On the Passing of Ferdinand “Butzi” Porsche
The grandson of the founder of Porsche, Ferdinand “Butzi” Porsche passed away this week at the relatively young age of 76. Among his contributions to Porsche was the gorgeous 911 coupe.
Porsche had the old ‘bathtub’ 356 model (Porsche’s numbering scheme followed their internal development numbering for cars at the time) that was getting long in the tooth. While the basic configuration would remain unchanged in the follow on model, the appearance of the car
needed a thorough redesign. And the young Butzi Porsche would pen the new design.
The model that Butzi Porsche drew was a tightening of the old 356, sharper creases, and surfaces pulled tauter together. But the signature iconic design element of the model (and the subsequent 911 coupes) were the side lights – the quarter window and door window openings appeared in the mind’s eye as a drawn bow. It has a kinetic feel that many a designer would love to have penned and as good as any single design feature in automotive history. It was pure gold. Money, as they say.
The working model designation of what was to become the 911 was the 901. And the car would have been known as the 901 if Peugeot hadn’t intervened and objected to the use of two numbers sandwiching an 0 (Peugeot had a number of models on the market at the time with three digit designations and the middle digit a zero – they still do). And that’s how the 911 came to be a 911 – and the basic form and feel has proven remarkably resilient.
But truth be told, Butzi Porsche was prouder of another Porsche he penned, one that the was antecedent to a number of highly significant and tremendously successful endurance racers, the 904. Here was a mid-engined, closed body follow on to the 550 that would give rise to
the 906, 908 and the all-conquering 917s (the incredible 917-30, which, in your humble scrivener’s opinion, killed the best racing format seen in North America, the Can-Am series, through it’s sheer dominance).
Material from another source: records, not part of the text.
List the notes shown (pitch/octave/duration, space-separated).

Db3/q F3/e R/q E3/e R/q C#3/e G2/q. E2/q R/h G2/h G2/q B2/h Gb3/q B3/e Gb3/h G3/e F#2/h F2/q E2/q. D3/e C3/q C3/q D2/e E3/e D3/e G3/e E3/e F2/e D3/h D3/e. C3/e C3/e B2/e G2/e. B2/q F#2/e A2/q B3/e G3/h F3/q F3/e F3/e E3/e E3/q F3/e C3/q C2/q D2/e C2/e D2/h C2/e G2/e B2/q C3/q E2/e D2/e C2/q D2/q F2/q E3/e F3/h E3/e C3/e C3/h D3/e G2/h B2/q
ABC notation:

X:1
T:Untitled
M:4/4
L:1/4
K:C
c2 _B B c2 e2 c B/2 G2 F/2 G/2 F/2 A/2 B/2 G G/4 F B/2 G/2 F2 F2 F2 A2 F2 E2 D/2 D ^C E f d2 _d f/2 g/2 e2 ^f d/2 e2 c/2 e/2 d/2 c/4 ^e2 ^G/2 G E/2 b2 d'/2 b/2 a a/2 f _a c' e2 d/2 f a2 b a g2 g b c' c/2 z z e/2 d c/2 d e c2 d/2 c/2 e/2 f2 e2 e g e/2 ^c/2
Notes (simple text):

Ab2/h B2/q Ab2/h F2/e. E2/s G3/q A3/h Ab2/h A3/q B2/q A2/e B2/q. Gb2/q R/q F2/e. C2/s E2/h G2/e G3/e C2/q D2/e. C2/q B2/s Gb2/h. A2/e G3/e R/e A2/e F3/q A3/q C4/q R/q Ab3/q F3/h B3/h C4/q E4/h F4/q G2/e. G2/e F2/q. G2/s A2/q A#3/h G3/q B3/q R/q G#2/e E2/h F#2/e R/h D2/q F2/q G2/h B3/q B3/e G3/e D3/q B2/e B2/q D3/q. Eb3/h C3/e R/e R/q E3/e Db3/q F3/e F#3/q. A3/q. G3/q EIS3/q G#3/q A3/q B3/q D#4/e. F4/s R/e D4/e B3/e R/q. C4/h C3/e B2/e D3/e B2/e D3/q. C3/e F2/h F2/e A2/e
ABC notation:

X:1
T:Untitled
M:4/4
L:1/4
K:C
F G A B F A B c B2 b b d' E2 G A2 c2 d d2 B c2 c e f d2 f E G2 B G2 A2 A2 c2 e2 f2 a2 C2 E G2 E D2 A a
What his grandfather had started, Ferdinand “Butzi” Porsche enhanced. I will lift a glass in his honor.
The i8 Spyder
I realize that people are amped by the recent pic dump of the i8 Spyder, but seeing the front ¾ view made me hesitate. The i8 Spyder is a shortened wheelbase form of the i8 coupe we’re familiar with. Yet that view of the car made me wince a bit. The hsot from low off the left front quarter panel just didn’t look right.
However, and more importantly, as one of our astute commenters, Speedster, pointed out, these appear to be what the production door skins will look like. But the effect of that ¾ view, on my eye, is that the shoulder is too high in proportion to the wheelbase. Possibly it has to do with the lighting affecting how the lower portion of the door is seen.
The other oddity in my mind of that view is the impact of mentally extending the line of the A pillar up and back, and the C pillar up and forward. Pointed hat. Not a good mental image.
Fortunately after watching the videos my fears were dispelled,. And was the driver during the night shots none other than the head of M, Dr. Nitschke? That’s a rough job to have.
The Continuing Proliferation of Hofmeister Kinks
There were a couple of new cars reveals this week that brought a smile to my face. The first was the 2014 Chevrolet Impala. Think of the Impala occupying the same sales slot as Ford’s Taurus, Toyota’s Avalon, and Hyundai’s Azera (no new news on Hyundai’s purported takeover of BMW, by the way – just kidding).
But there defining the root of the C pillar on the Chebby is none other than a Hofmeister Kink! No, there is no way that dog-leg can be copyrighted through postdating (and dogs may take exception to Hofmeister having stolen their form – good thing they don’t have opposable thumbs, or they’d be signing legal paperwork).
And this morning, 6 April, I catch a glimpse of the new Toyota Avalon and – BINGO! – it has a Hofmeister kink too. Fortunately both Ford and Hyundai have restrained themselves from following along.